> _Assigned task_
Can you return the records below exactly as they stand, but only from the first line through the one with "Versace Greca Odissea shearling sneakers"?
# # # # #
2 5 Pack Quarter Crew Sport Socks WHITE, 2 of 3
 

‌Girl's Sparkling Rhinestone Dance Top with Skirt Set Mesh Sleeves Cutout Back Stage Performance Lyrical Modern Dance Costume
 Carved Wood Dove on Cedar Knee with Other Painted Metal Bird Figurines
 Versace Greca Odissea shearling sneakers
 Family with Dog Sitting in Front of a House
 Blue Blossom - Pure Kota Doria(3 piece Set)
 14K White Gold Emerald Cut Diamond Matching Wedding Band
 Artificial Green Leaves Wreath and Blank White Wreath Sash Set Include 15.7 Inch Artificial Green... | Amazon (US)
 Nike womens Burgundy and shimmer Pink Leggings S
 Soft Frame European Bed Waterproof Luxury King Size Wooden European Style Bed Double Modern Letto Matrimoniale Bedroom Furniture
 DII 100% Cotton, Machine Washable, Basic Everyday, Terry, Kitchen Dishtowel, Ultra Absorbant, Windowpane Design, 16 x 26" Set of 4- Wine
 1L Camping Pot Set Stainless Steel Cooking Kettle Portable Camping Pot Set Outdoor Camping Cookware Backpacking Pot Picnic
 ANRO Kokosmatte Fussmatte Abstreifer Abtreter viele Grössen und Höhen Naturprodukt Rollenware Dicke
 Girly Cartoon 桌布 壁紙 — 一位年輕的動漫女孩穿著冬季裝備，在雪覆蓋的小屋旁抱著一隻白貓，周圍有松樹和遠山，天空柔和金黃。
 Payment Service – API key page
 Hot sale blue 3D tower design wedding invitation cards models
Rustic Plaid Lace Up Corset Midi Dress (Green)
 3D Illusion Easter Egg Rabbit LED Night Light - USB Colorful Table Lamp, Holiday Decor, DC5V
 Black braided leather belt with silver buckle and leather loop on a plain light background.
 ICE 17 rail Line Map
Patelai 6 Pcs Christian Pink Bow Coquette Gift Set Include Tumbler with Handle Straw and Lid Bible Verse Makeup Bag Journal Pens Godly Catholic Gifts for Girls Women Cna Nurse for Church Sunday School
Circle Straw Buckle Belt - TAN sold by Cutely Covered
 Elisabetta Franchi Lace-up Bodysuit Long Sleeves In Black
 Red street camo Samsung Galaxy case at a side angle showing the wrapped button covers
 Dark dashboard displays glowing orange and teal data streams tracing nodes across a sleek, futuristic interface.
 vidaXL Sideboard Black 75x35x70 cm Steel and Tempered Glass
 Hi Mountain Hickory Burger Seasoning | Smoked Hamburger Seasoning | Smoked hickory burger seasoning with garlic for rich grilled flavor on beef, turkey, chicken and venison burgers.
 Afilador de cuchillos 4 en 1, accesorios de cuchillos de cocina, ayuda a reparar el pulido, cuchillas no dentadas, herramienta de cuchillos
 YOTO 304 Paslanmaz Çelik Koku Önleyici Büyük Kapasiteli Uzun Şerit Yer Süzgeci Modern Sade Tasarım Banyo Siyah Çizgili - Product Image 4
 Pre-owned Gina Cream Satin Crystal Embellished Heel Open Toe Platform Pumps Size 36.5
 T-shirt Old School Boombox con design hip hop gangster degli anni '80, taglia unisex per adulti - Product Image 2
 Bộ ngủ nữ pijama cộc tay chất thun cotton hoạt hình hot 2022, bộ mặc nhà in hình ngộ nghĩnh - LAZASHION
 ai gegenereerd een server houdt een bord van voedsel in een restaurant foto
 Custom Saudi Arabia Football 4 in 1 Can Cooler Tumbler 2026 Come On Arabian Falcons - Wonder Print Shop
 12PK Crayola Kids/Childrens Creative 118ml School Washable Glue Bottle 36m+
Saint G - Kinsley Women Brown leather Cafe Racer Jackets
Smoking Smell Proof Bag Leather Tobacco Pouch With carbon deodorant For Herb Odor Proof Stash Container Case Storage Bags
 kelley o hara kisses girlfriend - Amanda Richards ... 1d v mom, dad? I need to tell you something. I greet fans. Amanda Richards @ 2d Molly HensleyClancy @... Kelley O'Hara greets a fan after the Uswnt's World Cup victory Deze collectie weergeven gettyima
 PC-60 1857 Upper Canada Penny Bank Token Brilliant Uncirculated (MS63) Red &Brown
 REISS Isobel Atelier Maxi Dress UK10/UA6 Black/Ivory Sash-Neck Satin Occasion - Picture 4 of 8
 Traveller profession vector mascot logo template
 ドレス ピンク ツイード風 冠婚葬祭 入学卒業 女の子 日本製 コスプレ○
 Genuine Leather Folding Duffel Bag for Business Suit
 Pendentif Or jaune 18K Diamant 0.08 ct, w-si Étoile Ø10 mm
# # # # #
> _Exercise response_
2 5 Pack Quarter Crew Sport Socks WHITE, 2 of 3
 

‌Girl's Sparkling Rhinestone Dance Top with Skirt Set Mesh Sleeves Cutout Back Stage Performance Lyrical Modern Dance Costume
 Carved Wood Dove on Cedar Knee with Other Painted Metal Bird Figurines
 Versace Greca Odissea shearling sneakers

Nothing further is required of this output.